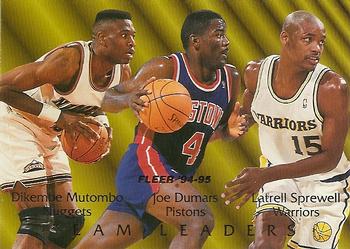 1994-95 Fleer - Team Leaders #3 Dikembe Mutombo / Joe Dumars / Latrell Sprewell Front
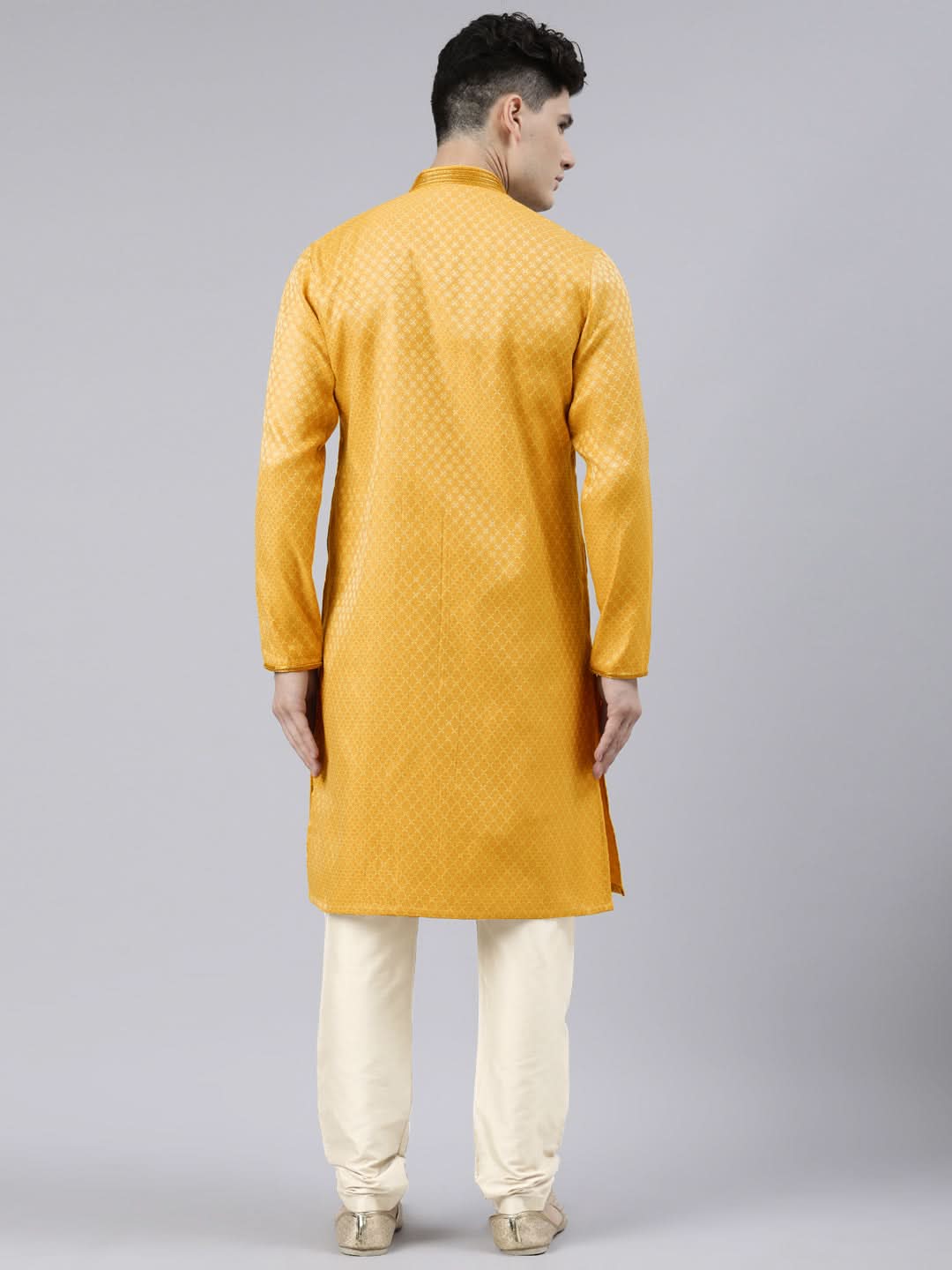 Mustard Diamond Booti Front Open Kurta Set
==*==
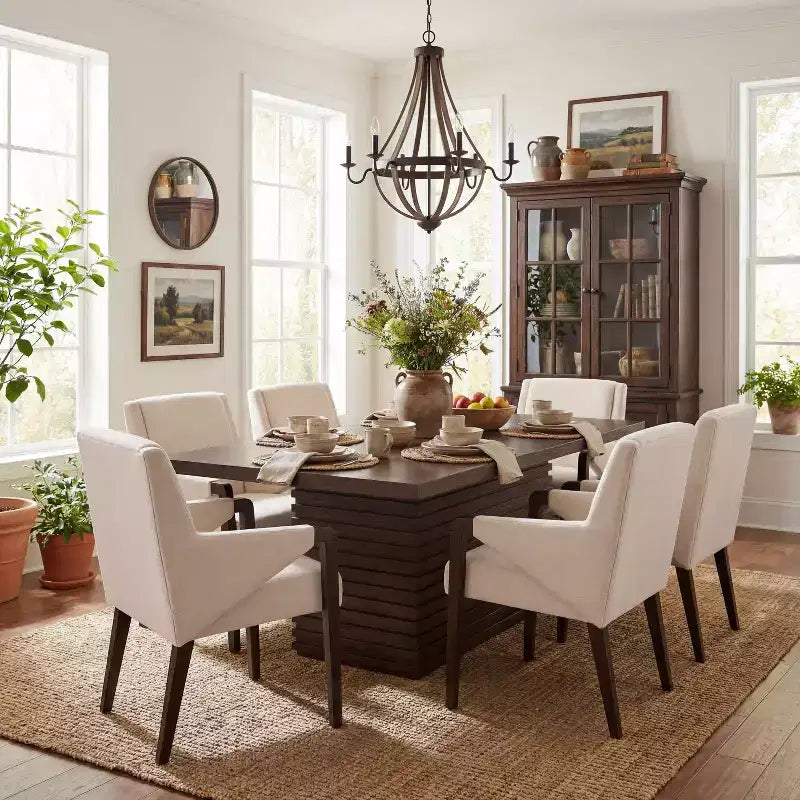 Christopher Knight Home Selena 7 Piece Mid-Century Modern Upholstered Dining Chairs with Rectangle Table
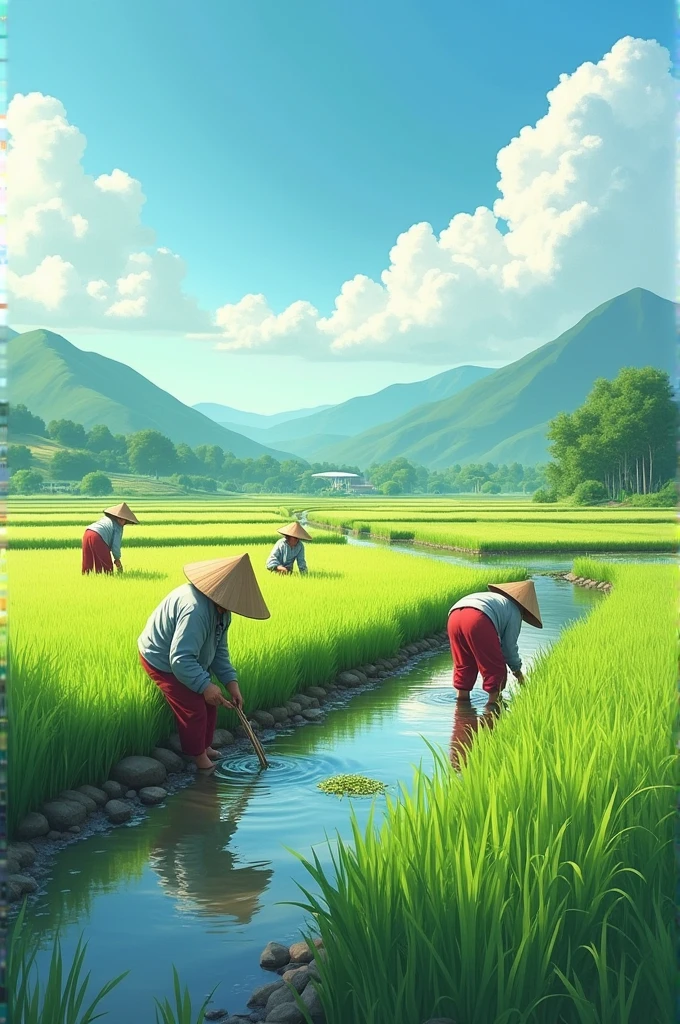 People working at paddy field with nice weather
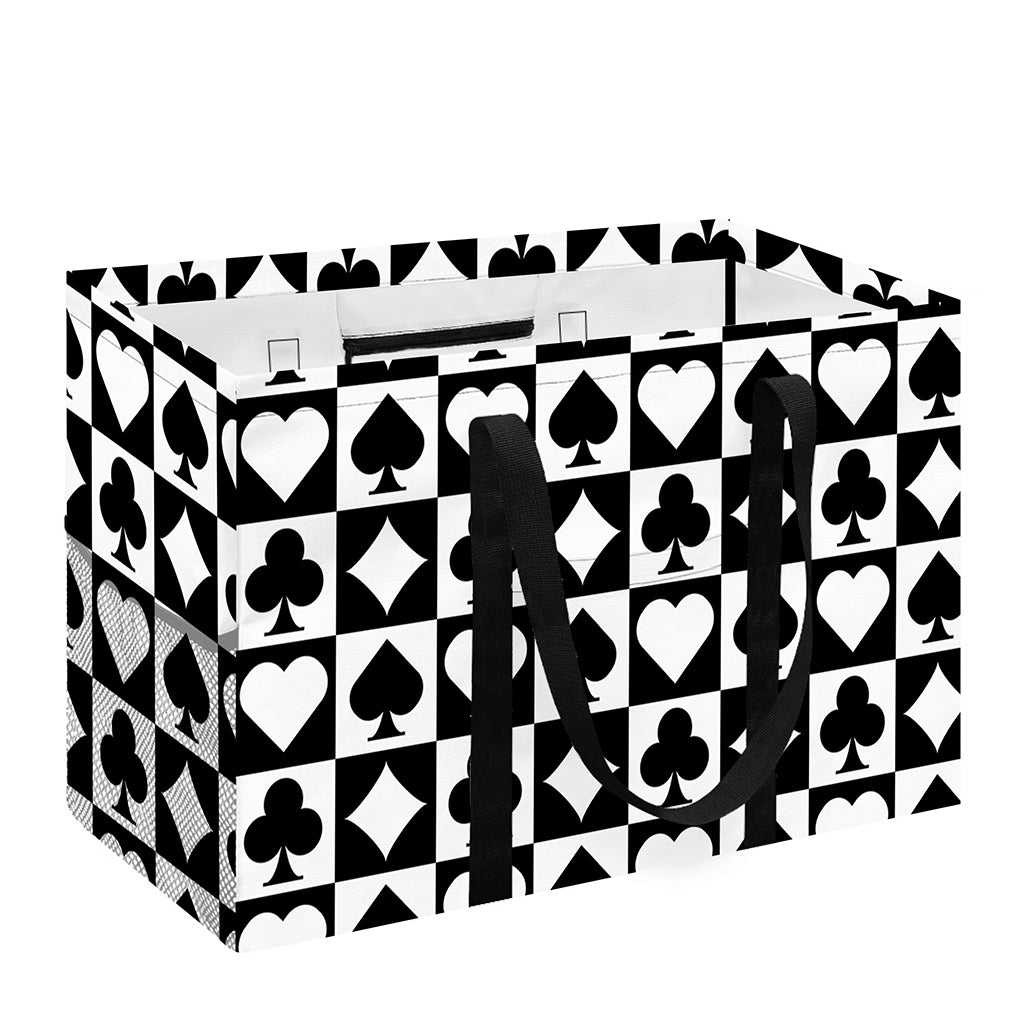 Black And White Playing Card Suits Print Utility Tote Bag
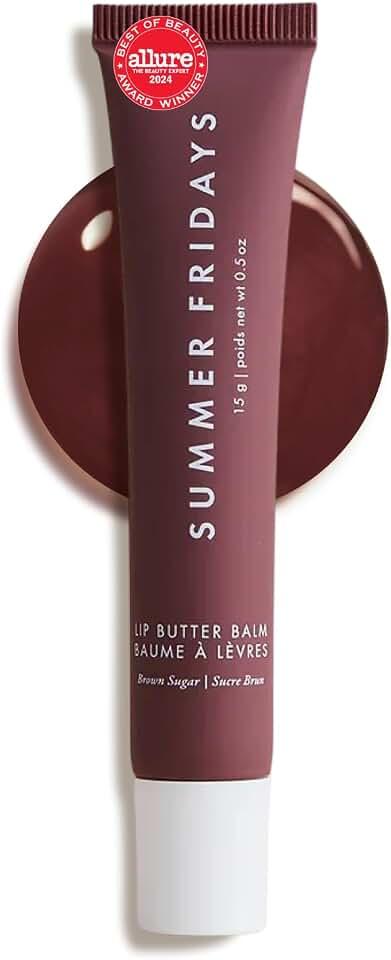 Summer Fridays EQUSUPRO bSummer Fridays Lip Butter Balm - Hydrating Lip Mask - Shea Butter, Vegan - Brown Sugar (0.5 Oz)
==*==
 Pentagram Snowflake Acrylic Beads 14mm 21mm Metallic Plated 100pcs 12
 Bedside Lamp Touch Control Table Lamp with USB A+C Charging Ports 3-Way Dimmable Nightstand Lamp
==*==
Problem description = Pictures excluded, reproduce only the part above that opens with the line holding "Christopher Knight Home" and closes with the line holding "Summer Fridays EQUSUPRO", exactly as written.

Answer box =
 Christopher Knight Home Selena 7 Piece Mid-Century Modern Upholstered Dining Chairs with Rectangle Table
 People working at paddy field with nice weather
 Black And White Playing Card Suits Print Utility Tote Bag
 Summer Fridays EQUSUPRO bSummer Fridays Lip Butter Balm - Hydrating Lip Mask - Shea Butter, Vegan - Brown Sugar (0.5 Oz)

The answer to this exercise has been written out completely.